When she gets the credit report it will hopefully tell her where the problem lies. She needs to speak to the bank or lending crowd in question. If she talks to the bank she had the loan out with for the car they should be able to tell her what the problem is.

Institutions look partly at the credit reports to see if a person will repay the money, thats the whole idea of it.


----------



## villa 1 (23 May 2009)

Thanks Smashbox. She did pay off all the loans that she had at the time so I don't think it should be classed as a bad debt or unpaid loan. She may have missed a payment but she simply can't renember back that far.
Will a missed but subsequent paid repayment on a car loan for example mitigate against mortgage approval. This sounds extemely harsh as it is alleged as to have happened 5 yrs ago. Her banking history is impeccable.


----------



## LovelyHome (23 May 2009)

We were declined a mortgage with AIB.  Our credit records were perfect.  They held the application up for almost two weeks.  My husband issued them with accounts for 4 years and they even requested tax returns to prove the Certified Accountant wasn't lying.  After all this running around, they decided to decline our application.  Their reason was 'no repayment history'.  When we held a mortgage for 7 years before and never missed a payment, had term loans and an excellent history.  

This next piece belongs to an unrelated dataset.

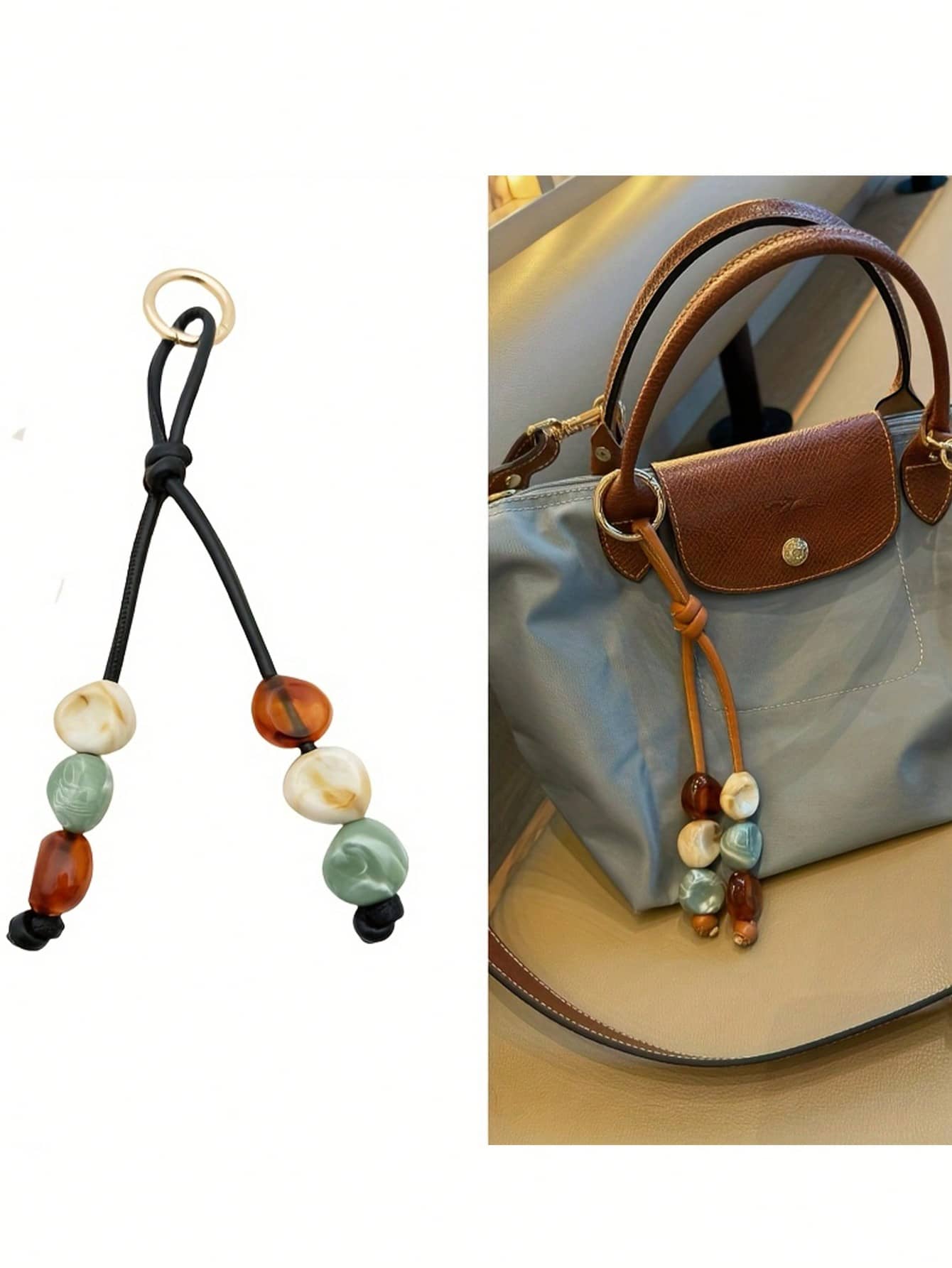 1pc Colorful Beaded Keychain, Suitable For Women's Bags- Metal Key Ring With Resin Beads, Vibrant Green, Blue, Orange And White Design, Durable And Fashionable, Can Be Used As Key, Wallet And Handbag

It's disgraceful what they are doing now.  My broker told me that we weren't the type of customer they were looking for at the moment.  As we are looking for a top-up to make improvements to our home.  We got the same from Halifax.  The bank managers were very positive, but as soon as it got to the underwriters, it was just denied.


----------



## Smashbox (23 May 2009)

Hopefully the credit report will show where things are wrong, because it doesnt sound right if she has cleared the loans.


----------



## Complainer (24 May 2009)

villa 1 said:


> They are partly to blame for a lot of this countries wows and now the irish taxpayer is bailing them out. Now they're not giving any money to those same taxpayers!! I'm confused!!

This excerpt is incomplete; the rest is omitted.